- _Supplied data_
- - -
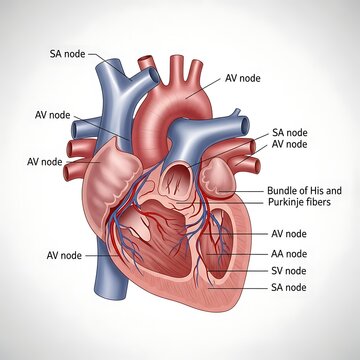 Detailed diagram of human heart electrical system.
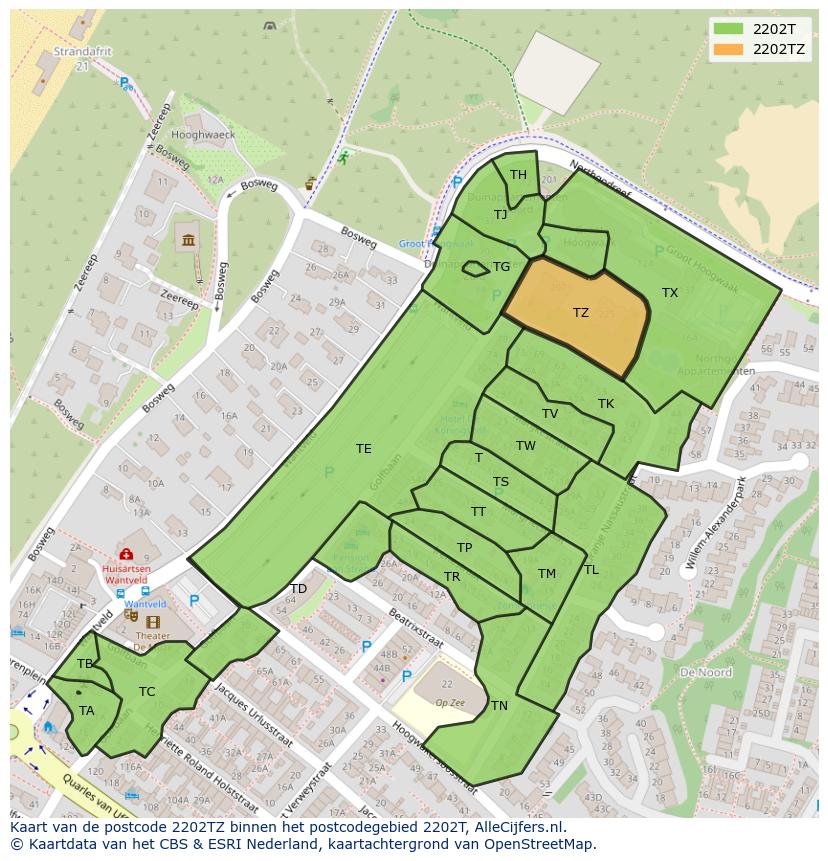 Afbeelding van het postcodegebied 2202 TZ op de kaart.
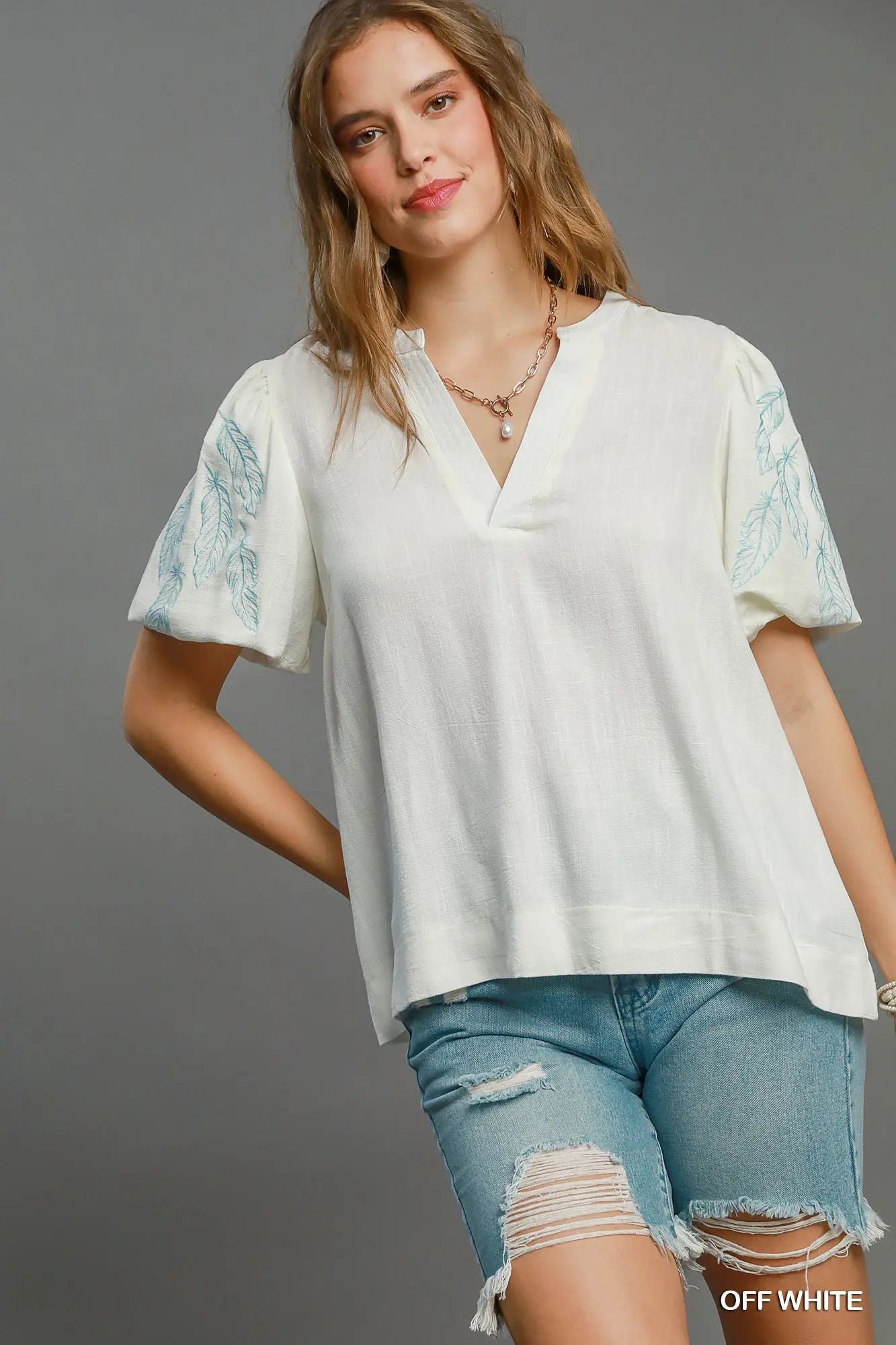 K9309 Linen Blend Embroidered Top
- - -
- _Your assignment_
Print nothing except the lines from the one with "Afbeelding van het" through the last line of the listing, exactly as written and with pictures removed.

- _Exercise result_
 Afbeelding van het postcodegebied 2202 TZ op de kaart.
 K9309 Linen Blend Embroidered Top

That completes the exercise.